Ella hizo todo por Jasón, traicionó a su padre, hacía lo que Jasón quería, fue
la madre y la mujer perfecta, pero Jasón quiso casarse con la hija de Creón y dejar
a Medea, y aunque éste se ofreció a pagar la manutención de los hijos, para
Medea esto resultaba un ubris, un
ultraje, entró en depresión, lloraba, se sentía miserable al igual que las
demás mujeres e intentó vengarse. Las acciones que emprendió no fueron las de matarse
ella, ni matar a Jasón, fue matar a su nueva esposa y a sus propios hijos que
eran los de Jasón, es decir cavar en el hombre un agujero que nunca pudierá
colmar.
Ante los
actos, dice Eurípides “todas las palabras son inútiles”. Medea pasa a un acto
absoluto, va más allá de la palabra, deja de lado todos los significantes. Es
un acto de crueldad en el que hay algo insoportable de manejar, que Lacan liga con
una verdadera mujer. Su acto es un callejón sin salida, mediante el cual
explora una región sin marcas, una zona desconocida que traspasa los límites y
que siempre tiene algo de extravío.
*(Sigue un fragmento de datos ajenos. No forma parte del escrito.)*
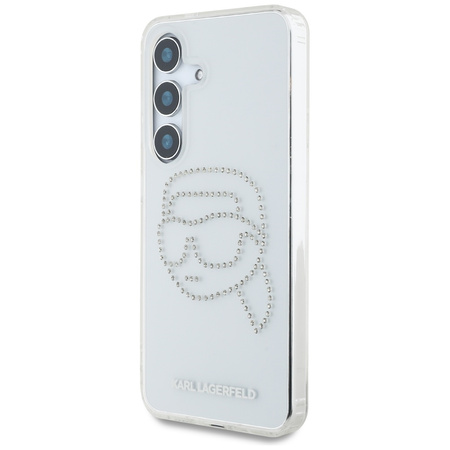 KARL LAGERFELD CASE RHINESTONES KARL HEAD LOGO DO SAMSUNG GALAXY S25 DESIGN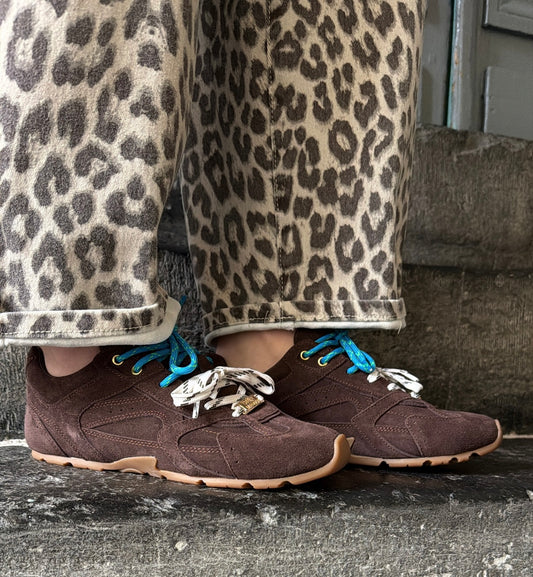 Basket ASIEL Chocolat Suède STEVE MADDEN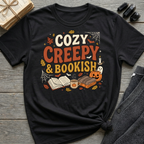 Cozy Creepy & Bookish - Graphic T-Shirt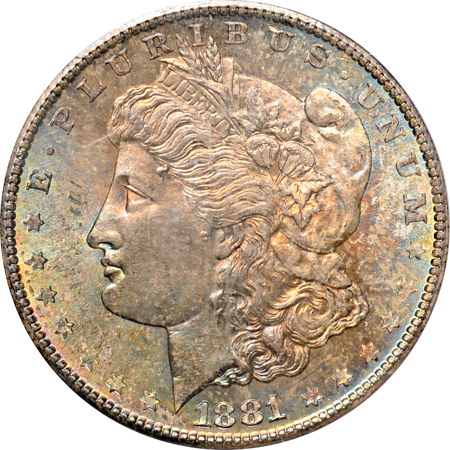 1881-S PCGS MS-65.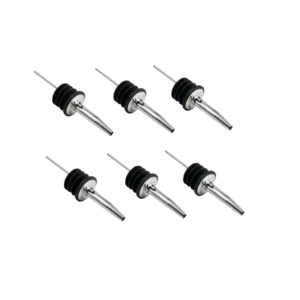 Salvinelli Japan, set 6 tappi versatore inox, prodotto professionale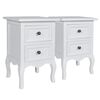 vidaXL Nightstand Set of 4 White MDF Standard Bedside Table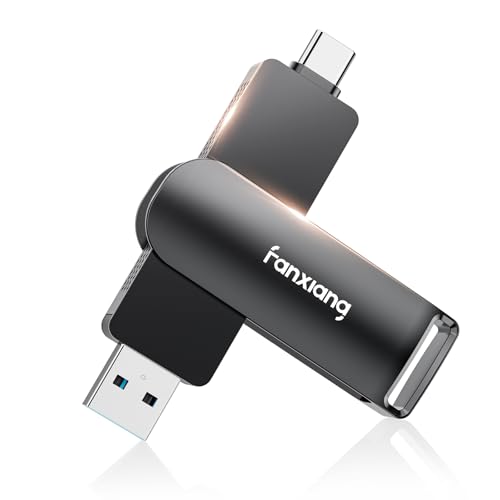 fanxiang Externer SSD 960 GB, bis zu 2050 MB/s, schnelles externes SSD-USB-C-Laufwerk, 2-in-1-Dual-Flash-Laufwerk Typ C+ USB A 3.2 Gen2 Solid State Drive für iPhone 15/Android/Tablet/PC/Mac (FF951) von fanxiang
Medea actúa con el menos, suprime,
destruye. Se produce haciendo del acto un arma y al encontrarse perdida, sin
defensa, encuentra una espada en la desposesión misma.
Su acto es una
respuesta al sentirse ultrajada por un hombre que mira a otra. Allí aparece la
rabia del tener, sacrifica todo tener porque pierde a su hombre. Lacan se
refiere a Medea en su texto “Juventud de Gide”[5]
cuando la compara con Madeleine Rondeaux, la esposa de Gide, que parecía ser la
esposa sumisa, pero en la que se revela la verdadera mujer cuando quema las
cartas del marido que era lo más precioso que tenía. Dice Miller que en toda
mujer hay una verdadera mujer, aunque parezca como la cuidadora de los bienes.
En ambas, en Medea y Madelaine hay la reacción de castigo por la traición del
hombre que no las quiere. Aunque no hay límite para lo que una mujer puede
hacer por un hombre también está preparada para el no tener. Podría decirse que
la cólera se instala como un modo de tramitar el ultraje y darle salida a la
mujer verdadera, despojada de todo tener. Es una manera de tramitar el ultraje
mediante el estrago y la injuria, como dice M.-H. Brousse[6],
sin temor alguno a perder todo.
[1].
David Szifrón, 2014.
[3] Laurent, E. “Disrupción del goce en las locuras bajo transferencia”.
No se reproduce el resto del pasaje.